## Memory Hierarchy

Q1. You are building a system around a processor with in-order execution that runs at 1 GHz and has a CPI of 1.2 excluding memory accesses. The only instructions that read or write data from memory are load (20% of all instructions) and stores (5% of all instructions).

The memory system for this computer is composed of an I-cache and a D-cache with a 1 cycle hit time. Both caches are direct mapped and hold 32 KB each. The I-cache has a 2% miss rate and 32-byte blocks, and the D-cache is write through with a 5% miss rate and 16-byte blocks. There is a write buffer on the D-cache that eliminates stalls for 95% of all writes.

The memory system has a 512 KB write-back L2 cache, with 64-byte blocks and an access time of 10 ns after which a block can be transferred to the L1 caches.
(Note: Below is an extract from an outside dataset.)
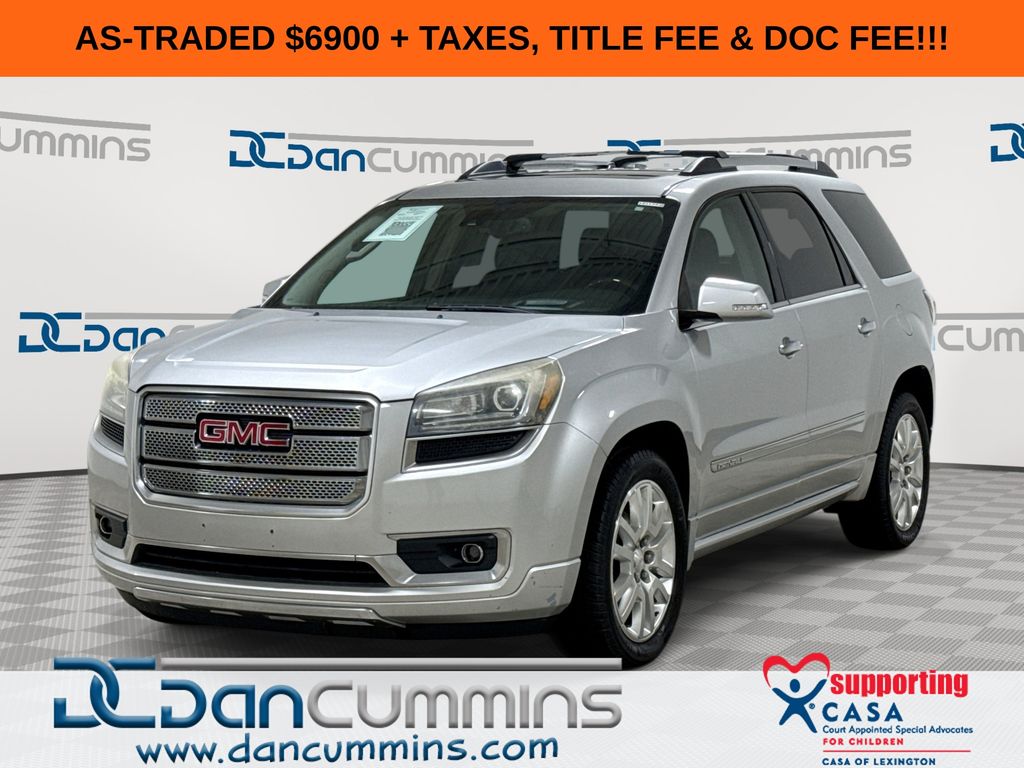 Quicksilver Metallic 2015 GMC Acadia SUV / Crossover All-Wheel Drive 6-Speed Automatic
It is connected to the L1 cache by a 128-bit data bus that runs at 500 MHz and can transfer 128 bits per bus cycle. Of all memory references sent to the L2 cache in this system, 80% are satisfied without going to main memory.

The 128-bit-wide main memory has an access latency of 60 ns, after which any number of bus words may be transferred at the rate of one per cycle on the 200 MHz main memory bus.
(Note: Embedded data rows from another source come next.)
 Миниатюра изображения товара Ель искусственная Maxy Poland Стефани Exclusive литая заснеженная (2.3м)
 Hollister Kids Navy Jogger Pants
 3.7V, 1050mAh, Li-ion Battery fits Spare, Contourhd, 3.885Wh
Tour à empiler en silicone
- a. What is the miss penalty in the I-cache (time to transfer a block from L2 to I-cache), the miss penalty in the D-cache, and the miss penalty in the L2 cache (time to transfer a block from memory)? Show the answers in nanoseconds and in clock cycles.
- b. What is the average memory access time for instruction accesses (nsec and clock cycles)?
- c. What is the average memory access time for data reads (nsec and clock cycles)?
- d. What is the average memory access time for data writes (nsec and clock cycles)?
- e. What is the overall CPI in the presence of memory stall cycles?
- f. You are considering replacing the 1 GHz CPU with one that runs at 2 GHz, but is otherwise identical. How much faster does the system run with a faster processor? Assume the L1 caches have a hit time of 1 cycle (faster clock), and that the speed of the L2 cache, main memory, and buses remains the same in absolute terms.
- Q2. Smith and Goodman [1983] found that a small direct-mapped instruction cache consistently outperformed a fully associative instruction cache of the same size using LRU replacement.
  - a. Explain how this would be possible focusing on the replacement policy and a small cache size.
  - b. Explain where replacement policy fits into the three C's model, and explain why this means that misses caused by a replacement policy cannot in general be definitively classified by the three C's model.
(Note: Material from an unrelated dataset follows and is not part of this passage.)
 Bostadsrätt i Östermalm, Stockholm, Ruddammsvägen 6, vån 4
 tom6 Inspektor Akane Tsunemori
- Q3. McFarling [1989] found that the best memory hierarchy performance occurred when it was possible to prevent some instructions from entering the cache.
  - a. Explain why McFarling's result could be true.
  - b. The four memory hierarchy questions form a model for describing cache designs. Where does a cache that does not always *read-allocate* fit or not fit into this model?
- Q4. As a block is referenced inside the cache, the next block in memory can be prefetched into the cache. This prefetching technique attempts to eliminate some of the cache misses.
  - a. As caches increase in size, blocks often increase in size as well. If a large instruction cache has large data blocks, is there a need for prefetching? Explain the interaction between prefetching and increased block size in instruction caches.
  - b. Is there a need for data prefetch instructions when data blocks get larger in a data cache? Explain.
- Q5. Some memory systems handle TLB misses in software (as an exception), while others use hardware for TLB misses.
  - a. What are the tradeoffs between these two methods for handling TLB misses? Are there page table structures that would be difficult to handle in hardware, but possible in software?
  - b. Use the data in the following tables to calculate the penalty of TLB misses on the CPI on the following two workloads, assuming hardware TLB handlers require 100 cycles per miss and software TLB handlers take 300 cycles per miss.

## First Workload

| Program | Weight | TLB misses/1000 instructions |
|---------|--------|------------------------------|
| gcc     | 50%    | 0.30                         |
| perl    | 25%    | 0.26                         |
| ijpeg   | 25%    | 0.10                         |

## Second Workload

| Program | Weight | TLB misses/1000 instructions |
|---------|--------|------------------------------|
| swim    | 30%    | 0.10                         |
| wave5   | 30%    | 0.89                         |
| hydro2d | 20%    | 0.19                         |
| gcc     | 20%    | 0.30                         |